7-8 有害物質の処理や放射性廃棄物の有効活用に道

−固体を混ぜた水溶液の放射線誘起の反応により6価クロムの廃液処理を実現−

図7-19 放射線照射した固体による水溶液中の反応促進作用

図7-19 放射線照射した固体による水溶液中の反応促進作用の模式図

 

図7-20 放射線照射した水溶液中の6価クロムの吸収スペクトル

図7-20 放射線照射した水溶液中の6価クロムの吸収スペクトル

工場廃液や環境水の酸性度(pH)の条件で溶液に放射線を照射しても、溶液中の6価クロムはほとんど減少しません(a)が、この溶液に固体を添加すると、放射線照射で6価クロムが顕著に減少します(b)。

 

図7-21 6価クロムの処理スキーム

図7-21 6価クロムの処理スキーム

従来の処理法(a)は還元剤、酸、アルカリなどの薬品を大量に使うため、コストがかかり、二次処理が必要になるなどの問題を抱えていますが、新たな処理法(b)は薬品を必要とせず、簡便で環境にやさしい方法です。

酸化物など固体の微粉末を添加した媒体(液体や気体)に放射線を照射すると、固体を消費することなく媒体中のイオンや分子の反応が促進されること(図7-19)がありますが、この作用を応用して、6価クロムを効果的に処理する方法の開発に成功しました。6価クロムは金属表面のメッキ処理、顔料や染料の製造などの原材料として工業的に利用されていますが、体内への取り込みや粘膜への付着が容易で、発ガン性で人体に有害なため、環境への排出が制限されています。開発に当たっては、放射線のみで処理できない工場廃液や環境水の条件で、薬品を使わずに効率よく処理するかを追及しました。

新たに開発した方法は、従来の処理法に比べて(1)酸、アルカリなどの薬品を使わないため、二次処理や廃棄物を発生せずに環境への排出の基準を達成でき(図7-20)、(2)処理後のクロムが耐火レンガ、研磨剤、触媒などの有用な材料としてリサイクル可能であるため、クロムを環境へ放出しない、(3)簡素でメンテナンスが容易である、などの特長をもっています(図7-21)。

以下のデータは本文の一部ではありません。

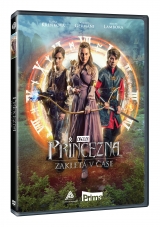 DVD Film - Princezna zakletá v čase
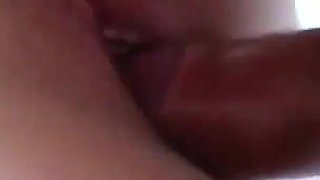 Creampie in My Best Friend's Wife's Vagina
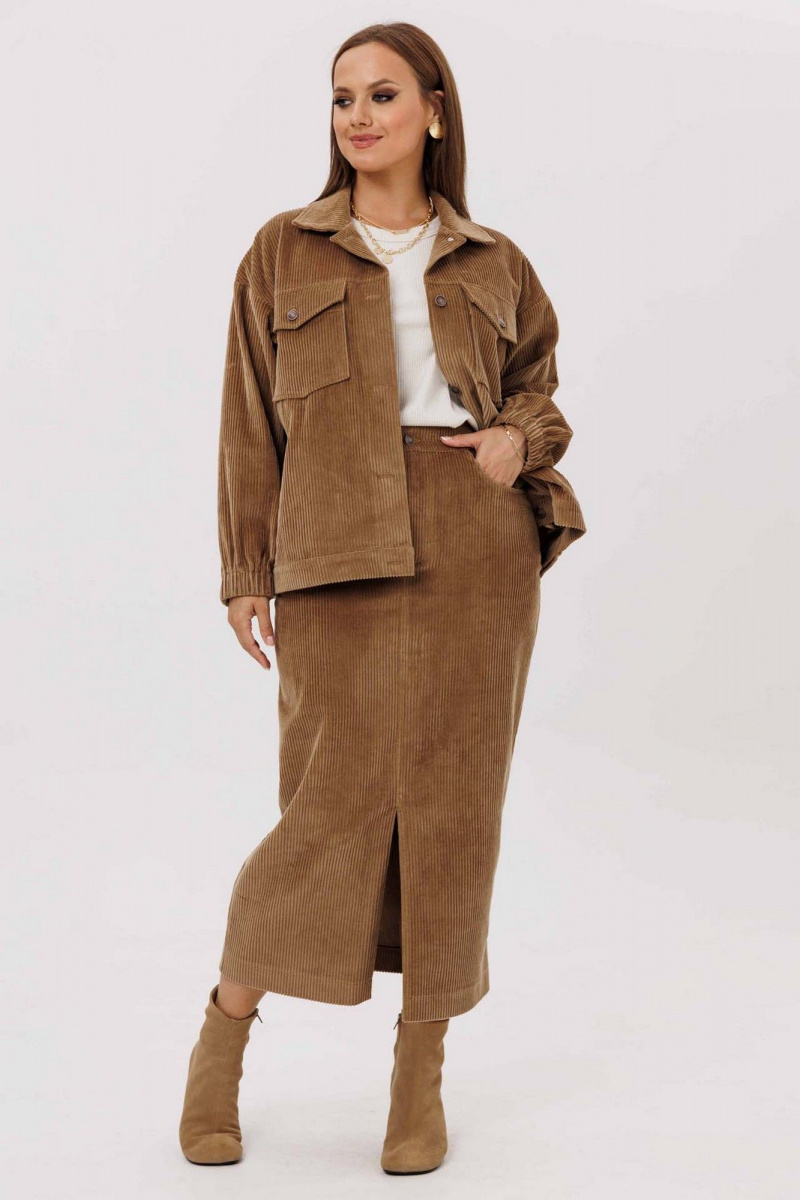 Юбки Mislana 1245юб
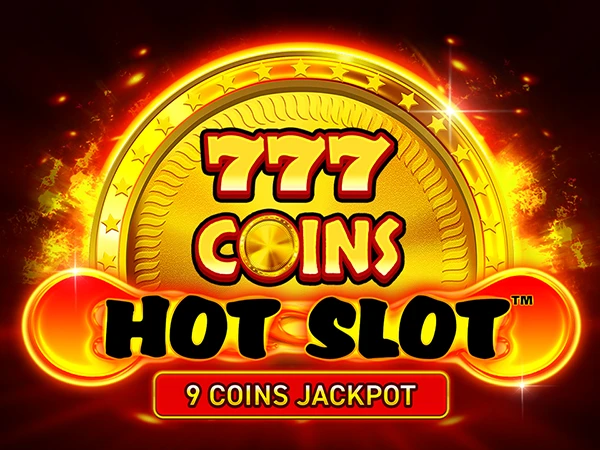 Hot Slot 777 Coins klassischer Siebenen-Slot mit Münzsammlung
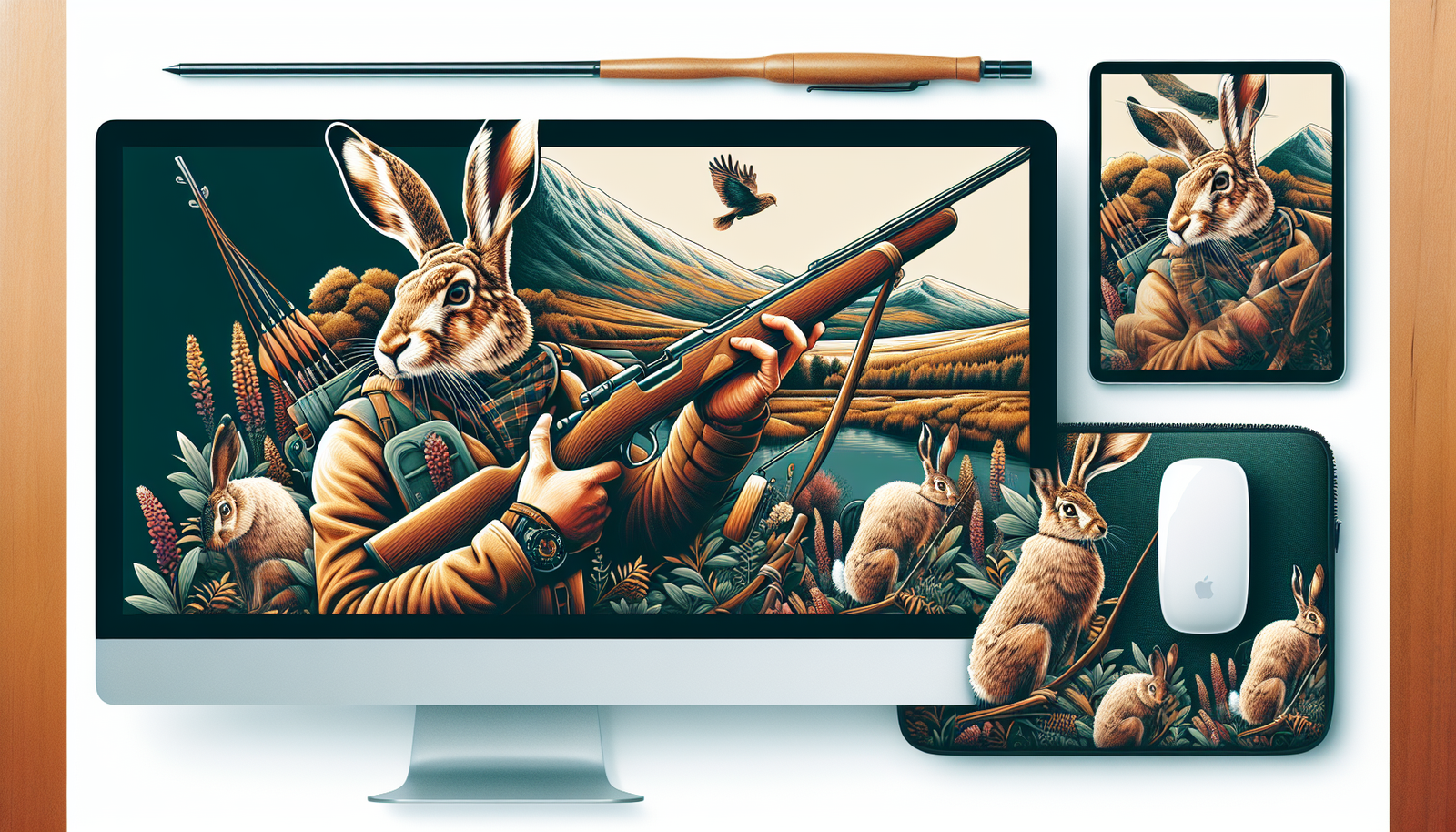 La chasse au lièvre : astuces et techniques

現在、これを実用化するため、地元の工場やメーカーと協力してメッキ廃液や汚染土壌など廃棄物の処理技術を開発しています。また、この方法に利用している固体による反応促進作用は、6価クロムと同様に社会問題となっているカドミウムや水銀といった有害金属や有害有機化合物などの処理、並びにクリーンなエネルギー源として期待されている水素の製造に対しても有効なので、これらを視野に入れた研究開発も同時に行っています。

ところで、この方法には放射線の発生源が不可欠です。現在はコバルト-60ガンマ線や電子線照射装置を用いていますが、将来的には“核のゴミ”として扱われてきた高レベル放射性廃棄物を用いれば、“廃棄物による廃棄物のため”の極めて循環性が高いプロセスが実現できると考え、このための研究開発にも取り組んでいます。

本研究内容は、日本学術振興会の科学研究費補助金の採択課題「放射線誘起触媒の探索とその非均質系における反応機構の解明」などの成果の一部です。


●参考文献
Nagaishi, R. et al., Radiation-Induced Catalytic Reduction of Chromium(VI) in Aqueous Solution Containing TiO2, Al2O3 or SiO2 Fine Particles, Radiation Physics and Chemistry, vol.75, no.9, 2006, p.1051-1054.